Cow chips right back atcha. If that were true, there would be no need for a liability cap. For those who aren't aware, P-A caps liability at approximately $9.5 billion -- which is ridiculously low in case of a major accident. I agree that such an accident is extremely unlikely -- but given that this is true, then the premiums for the necessary coverage would be equally low. P-A was enacted in the 1950s, as a subsidy for an experimental, uncertain technology. That technology is no longer uncertainty; it is mature and fully integrated into the market. There is no longer any possible justification for a government handout like P-A -- especially in an industry (electricity generation) that generally enjoys a guaranteed profit margin.

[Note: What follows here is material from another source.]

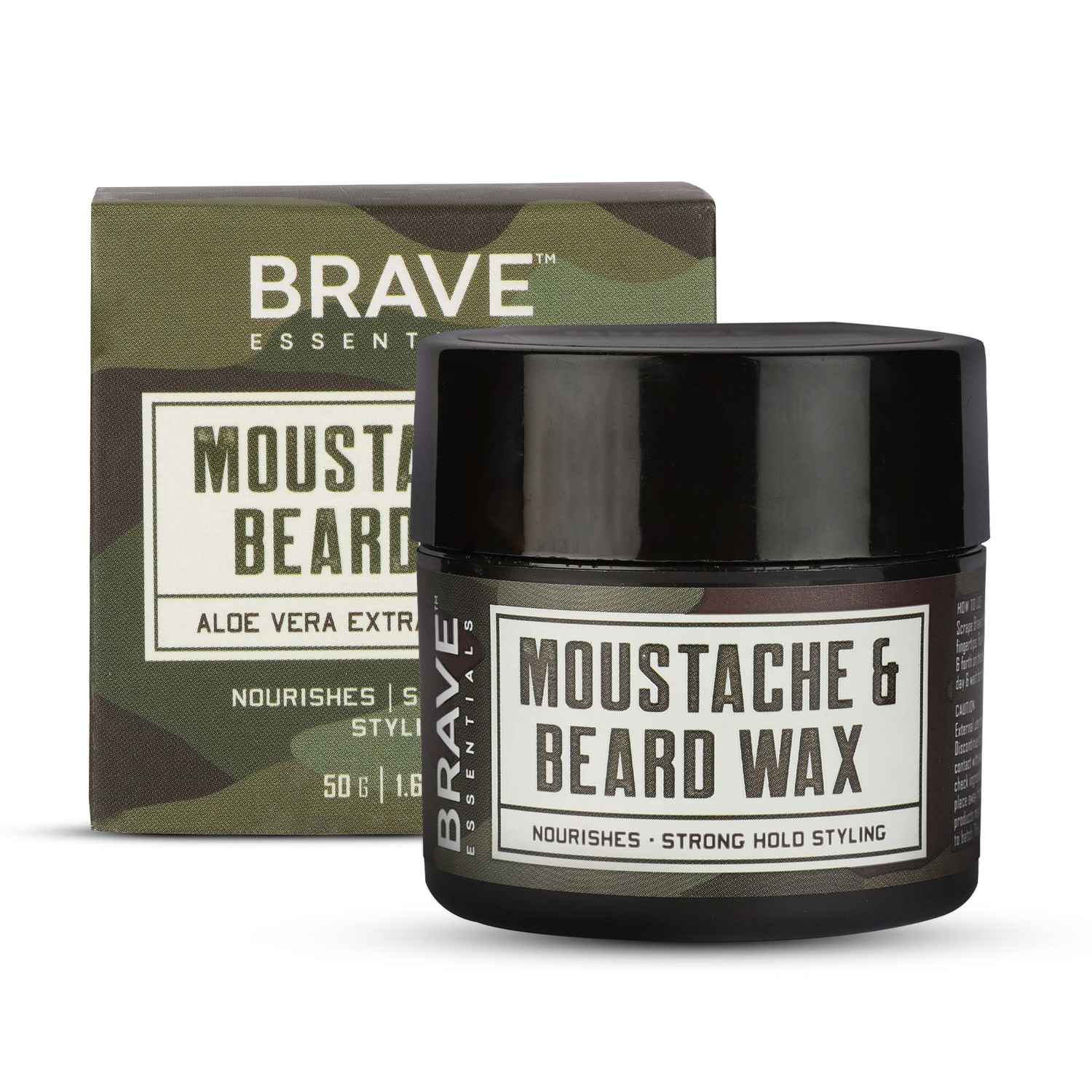 Buy Brave Essentials Beard + Moustache Wax | 50G |Nourishing | Strong Hold Styling - Purplle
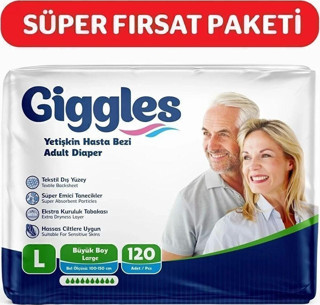 giggles Yetişkin Bel Bağlamalı Hasta Bezi Large 30'Lu 4 Paket 120 Adet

What are you saying is paid at pennies on the dollar? The insurance premiums? Sure, and if you know anything about insurance you will know that this is the case for any kind of liability coverage. I just renewed my automobile insurance. In my state, for the kind of cars I drive, the rates were in the couple of hundred dollar range for coverages ranging into the hundreds of thousands of dollars of liability. IOW, a penny or two on the dollar. Why? Well, its just the way liability insurance works. Check it out, if you are old enough to have to pay your way on any kind of liability insurance, and the idea of pooling coverage and spreading risk. Its a neat idea, and one of the positive outcomes of capitalism and free markets. Its just amazing...

Nope. I'm talking about the payout in case of a true disaster. Injured parties will receive literally pennies for every dollar of actual damage they suffer. But thanks for the lecture.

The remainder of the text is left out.